25 January 2010

Book: Democracy Incorporated: Managed Democracy and the Specter of Inverted Totalitarianism

Did last week's US Supreme Court decision to lift restrictions on campaign contributions by business corporations (and labour unions and other special interests) really change anything? Those who do not realize just how closely linked democracy and capitalism are – and always have been –, may call it "the end of democracy" (as evidenced by so many blog posts).

The others may be reminded of any number of books and articles on the subject. For example, Sheldon S. Wolin's "Democracy Incorporated: Managed Democracy and the Specter of Inverted Totalitarianism", published in 2008 by Princeton University Press:


Publisher's description: "Democracy is struggling in America – by now this statement is almost cliché. But what if the country is no longer a democracy at all? In Democracy Incorporated, Sheldon Wolin considers the unthinkable: has America unwittingly morphed into a new and strange kind of political hybrid, one where economic and state powers are conjoined and virtually unbridled? Can the nation check its descent into what the author terms 'inverted totalitarianism'?

"Wolin portrays a country where citizens are politically uninterested and submissive – and where elites are eager to keep them that way. At best the nation has become a 'managed democracy' where the public is shepherded, not sovereign. At worst it is a place where corporate power no longer answers to state controls. Wolin makes clear that today's America is in no way morally or politically comparable to totalitarian states like Nazi Germany, yet he warns that unchecked economic power risks verging on total power and has its own unnerving pathologies.

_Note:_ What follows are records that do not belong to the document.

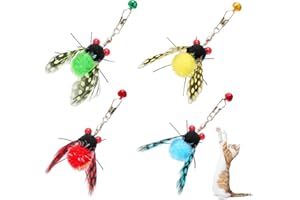 ZORVYN 4 Pezzi Giocattolo Interattivo per Gatti, Giochi per Gatti a Forma di Insetto con Campanelli, Ricambio per Canne da Pesca con Piume Naturali e Ali Colorate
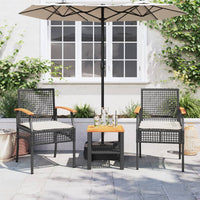 Thumbnail for 3-tlg. Bistro-Set mit Kissen Schwarz Poly Rattan Akazienholz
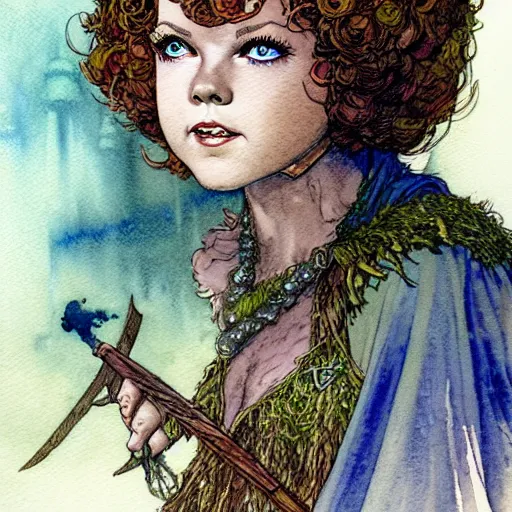 Image similar to a realistic and atmospheric watercolour fantasy character concept art portrait of adult shirley temple as a druidic warrior wizard looking at the camera with an intelligent gaze by rebecca guay, michael kaluta, charles vess and jean moebius giraud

Wolin examines the myths and mythmaking that justify today's politics, the quest for an ever-expanding economy, and the perverse attractions of an endless war on terror."

Of particular interest may be the chapter titled "Intellectual Elites against Democracy". Excerpt: "[H]istorically, the idea of elite rule conceived democracy as its antithesis and natural enemy. [...] Today, when the appeal of democracy is being touted by ruling elites and exploited as an instrument of American power, elite contempt is prudently camouflaged, or perhaps sublimated, as managed democracy."

Reviews: "[A] rare, chilling analysis of intellectual critics of democracy. If democracy means more than occasional elections and protection of those rights that are compatible with economic and political elites' interests, Wolin's analysis of our democratic predicament is shocking, solid, and fundamentally correct." (C.P. Waligorski, "Choice")

"Building on his fifty years as a political theorist and proponent of radical democracy, Wolin here extends his concern with the extinguishing of the political and its replacement by fraudulent simulations of democratic process." (Jonathan Crary, "Artforum")

"Wolin demonstrates that the threats to our democratic traditions and institutions are not always from outside, but may come from within." (Rakesh Khurana, Harvard Business School)

"[H]e contends that the institutions and practices that Americans regarded as their defense against totalitarianism – and other forms of authoritarian domination – have failed them." (Anne Norton, University of Pennsylvania)

"Wolin argues that the unquestioned faith in the virtues of free market capitalism has dramatically narrowed the range of policy options that are on the table when debate turns to resolving the US's ills." (Alex Waddan, "International Affairs")

"[A] comprehensive diagnosis of our failings as a democratic polity [...] including [...] what must be done if it is not to disappear into history along with its classic totalitarian predecessors." (Chalmers Johnson, "Truthdig")

While I believe that Wolin's solution, radical democracy, is an illusion, his criticism of current democracy stands.

The book is fully searchable on Google Book Search (including full table of contents):


A new edition of this book in paperback is announced for February/March 2010.

Sheldon S. Wolin is Professor of Politcs Emeritus at Princeton.